- _ACTIVITY_: Look below for the line that contains "Meiho VS-51 Hook", then copy it and each following line to the end of the records, minus any pictures.

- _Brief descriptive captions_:
┌──

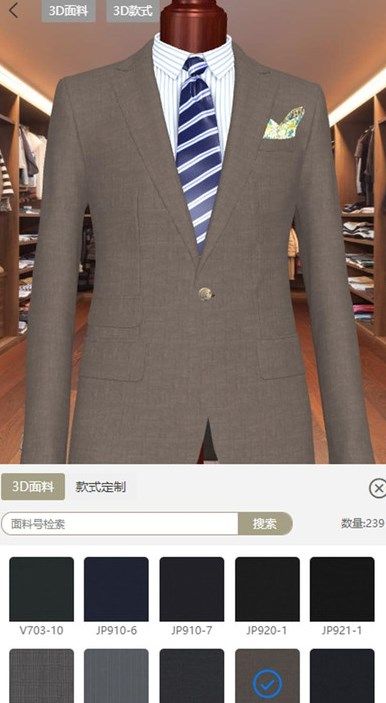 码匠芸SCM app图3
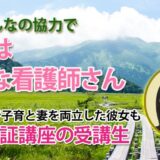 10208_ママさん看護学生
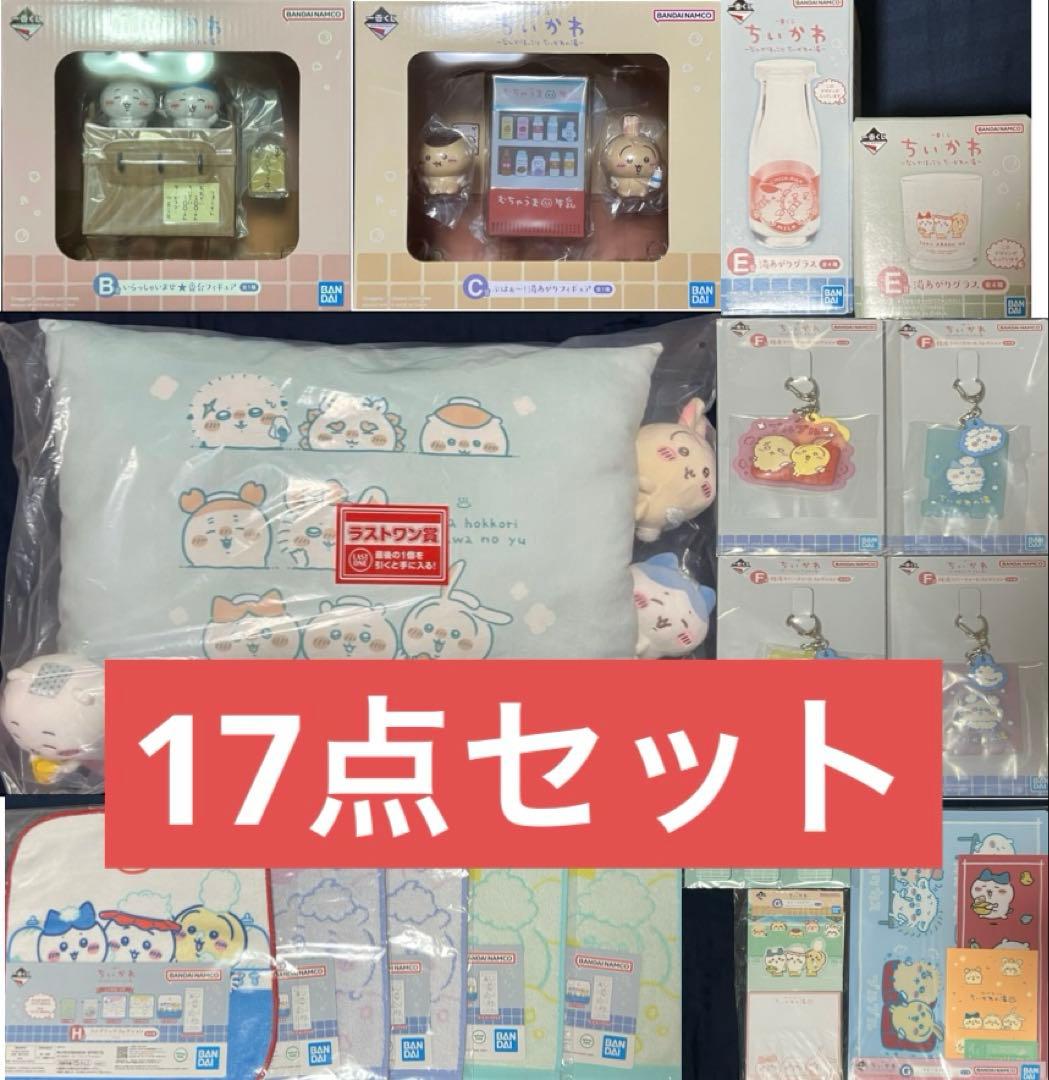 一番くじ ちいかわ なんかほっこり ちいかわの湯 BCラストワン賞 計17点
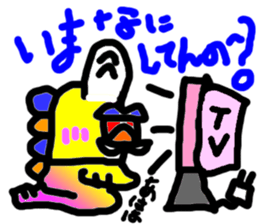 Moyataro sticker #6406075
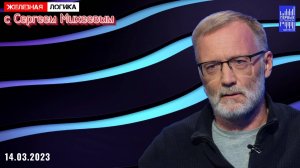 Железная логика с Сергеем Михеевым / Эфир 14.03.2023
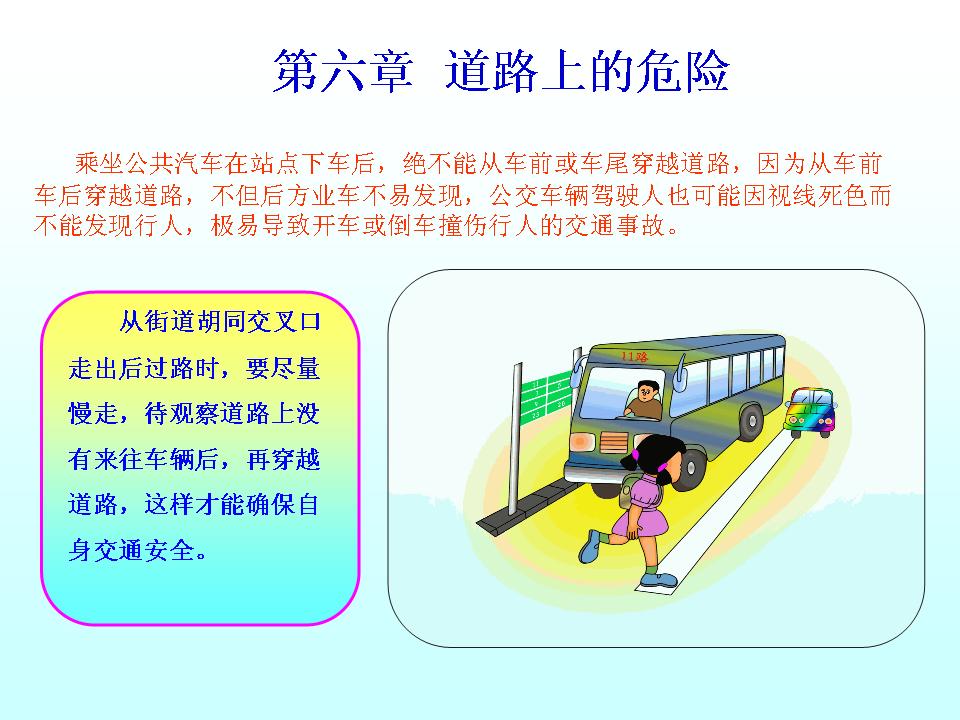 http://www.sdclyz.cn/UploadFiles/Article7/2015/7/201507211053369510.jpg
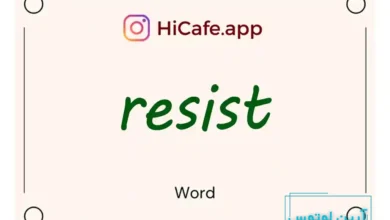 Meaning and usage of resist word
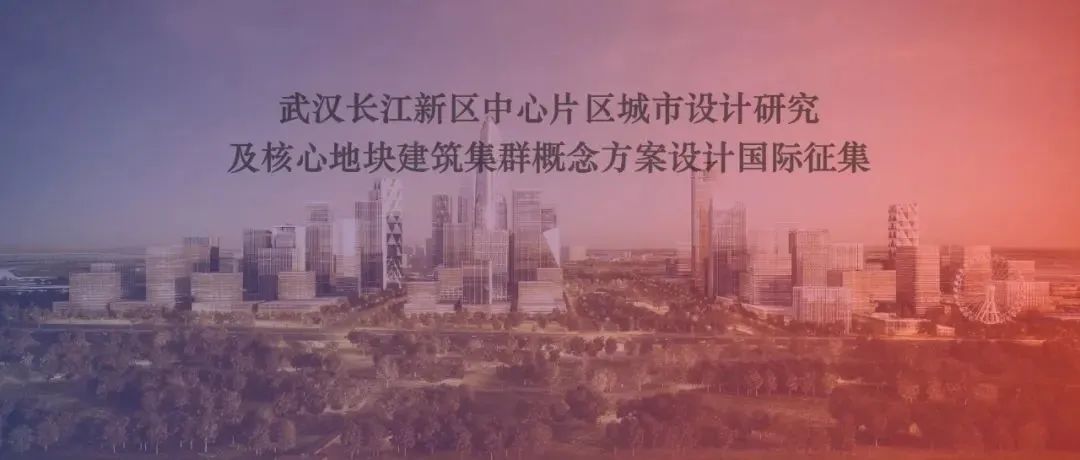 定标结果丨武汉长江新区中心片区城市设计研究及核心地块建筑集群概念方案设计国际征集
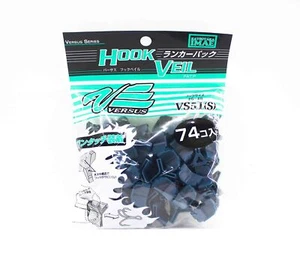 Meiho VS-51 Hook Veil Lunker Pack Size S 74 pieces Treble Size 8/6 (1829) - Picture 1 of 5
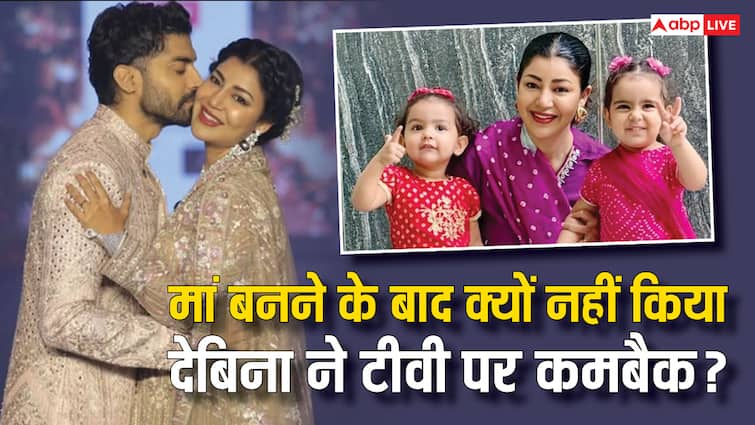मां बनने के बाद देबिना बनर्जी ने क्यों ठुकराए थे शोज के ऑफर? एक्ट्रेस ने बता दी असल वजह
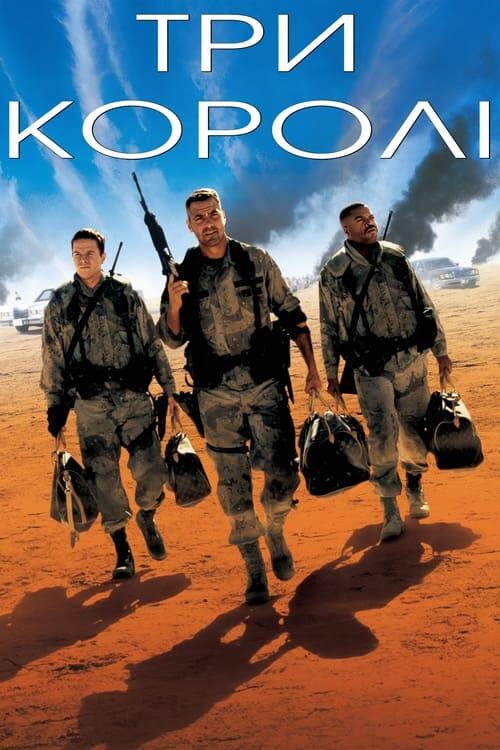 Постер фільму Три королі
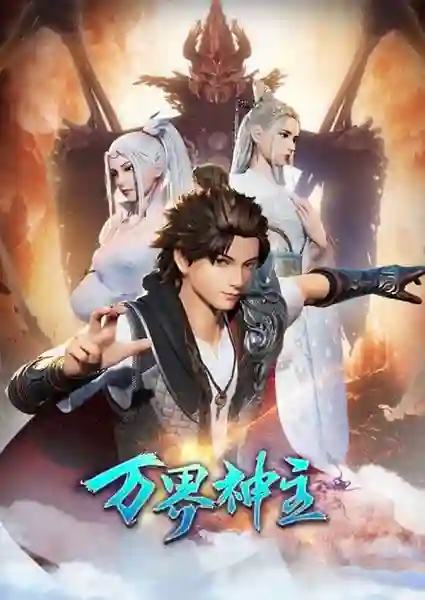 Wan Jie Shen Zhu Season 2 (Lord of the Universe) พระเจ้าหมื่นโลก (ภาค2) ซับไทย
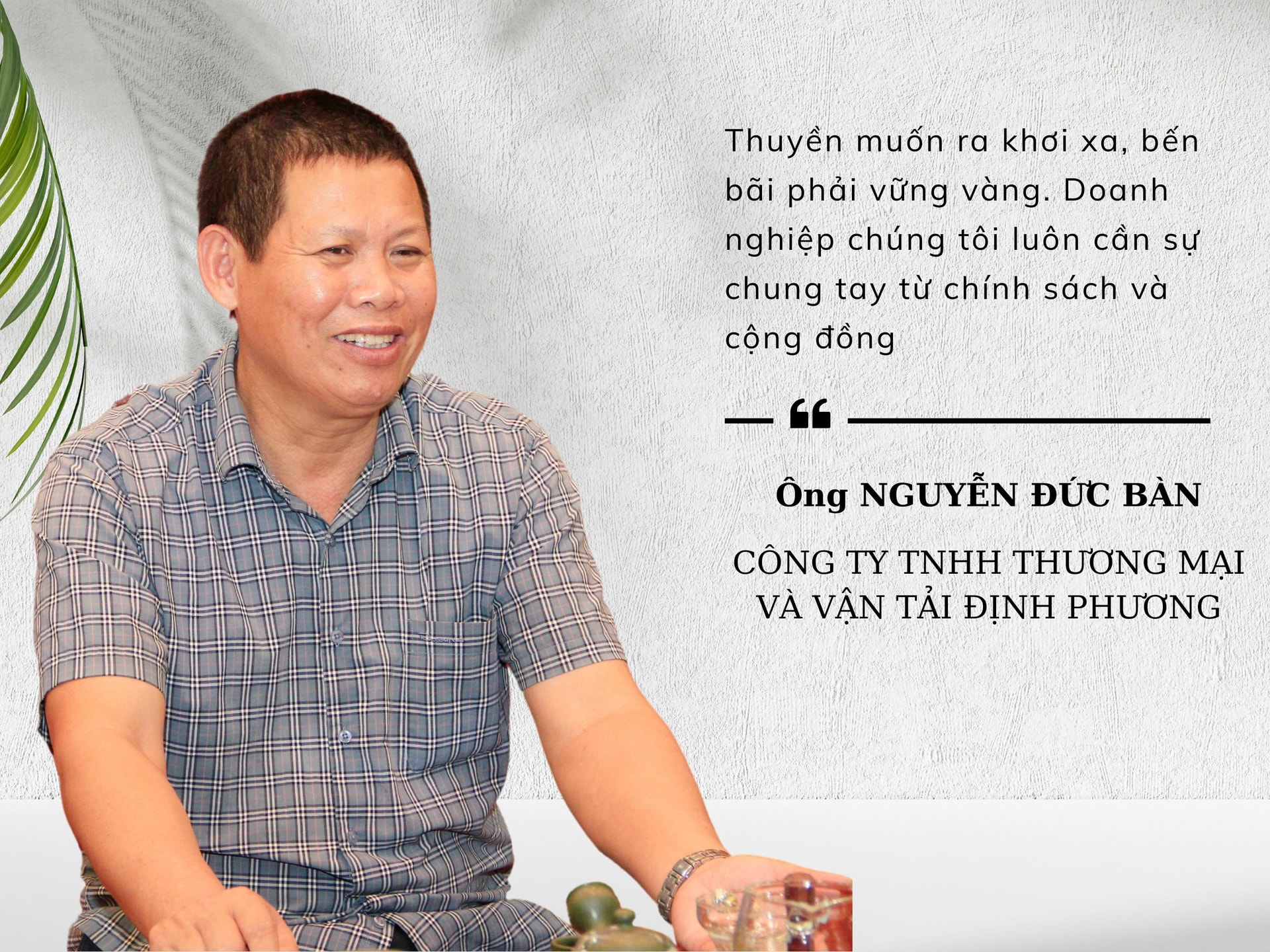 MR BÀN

└──

- _EXERCISE OUTPUT_:
 Meiho VS-51 Hook Veil Lunker Pack Size S 74 pieces Treble Size 8/6 (1829) - Picture 1 of 5
मां बनने के बाद देबिना बनर्जी ने क्यों ठुकराए थे शोज के ऑफर? एक्ट्रेस ने बता दी असल वजह
 Постер фільму Три королі
 Wan Jie Shen Zhu Season 2 (Lord of the Universe) พระเจ้าหมื่นโลก (ภาค2) ซับไทย
 MR BÀN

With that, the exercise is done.